Web page caption snippets
----
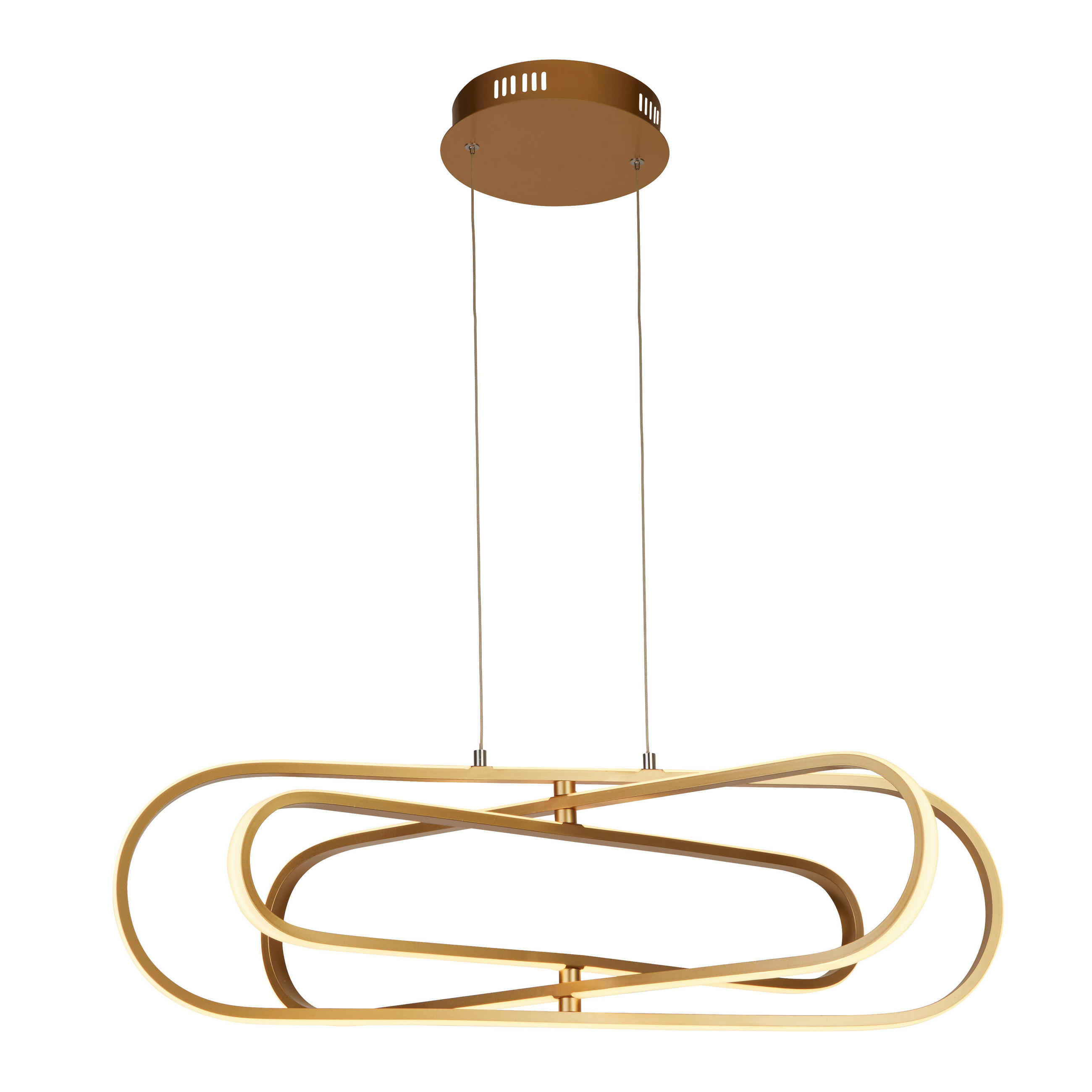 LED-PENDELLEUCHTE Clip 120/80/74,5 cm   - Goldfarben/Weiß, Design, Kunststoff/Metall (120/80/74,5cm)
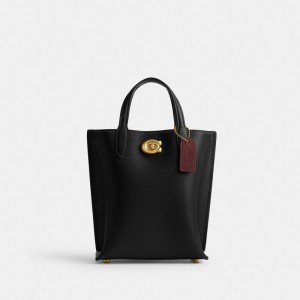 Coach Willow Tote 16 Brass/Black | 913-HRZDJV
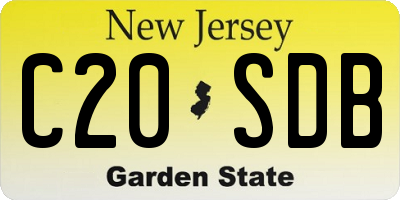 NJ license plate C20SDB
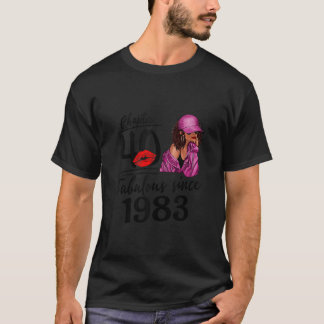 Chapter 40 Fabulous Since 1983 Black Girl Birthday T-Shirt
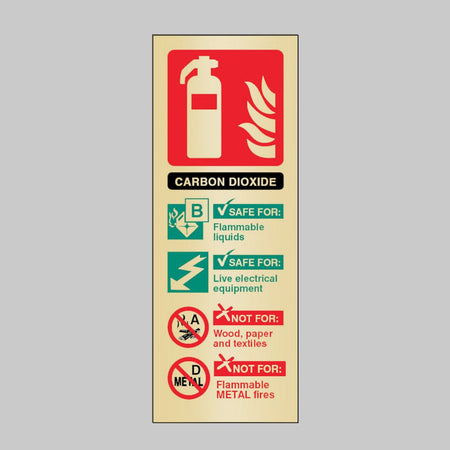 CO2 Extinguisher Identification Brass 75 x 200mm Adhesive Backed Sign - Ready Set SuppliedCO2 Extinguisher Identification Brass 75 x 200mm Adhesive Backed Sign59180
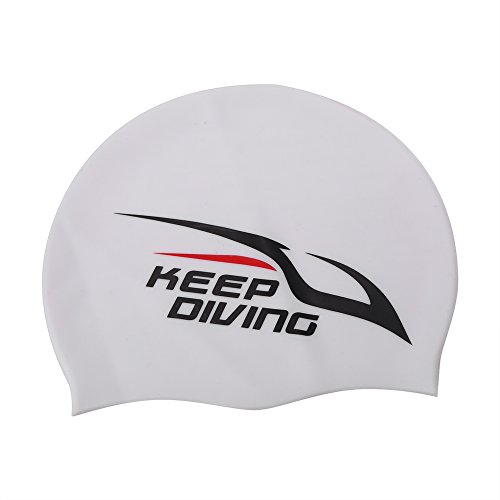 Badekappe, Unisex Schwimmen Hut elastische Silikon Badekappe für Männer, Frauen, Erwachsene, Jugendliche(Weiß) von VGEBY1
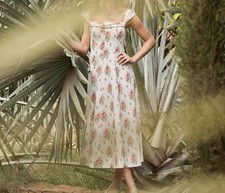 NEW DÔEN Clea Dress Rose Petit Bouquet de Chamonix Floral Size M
----
> **What the task requires**: Take the line containing "NJ license plate C20SDB" and every line after it to the end of the records, and restate them verbatim, with no pictures.

> **Task answer**:
 NJ license plate C20SDB
 Chapter 40 Fabulous Since 1983 Black Girl Birthday T-Shirt
 CO2 Extinguisher Identification Brass 75 x 200mm Adhesive Backed Sign - Ready Set SuppliedCO2 Extinguisher Identification Brass 75 x 200mm Adhesive Backed Sign59180
 Badekappe, Unisex Schwimmen Hut elastische Silikon Badekappe für Männer, Frauen, Erwachsene, Jugendliche(Weiß) von VGEBY1
 NEW DÔEN Clea Dress Rose Petit Bouquet de Chamonix Floral Size M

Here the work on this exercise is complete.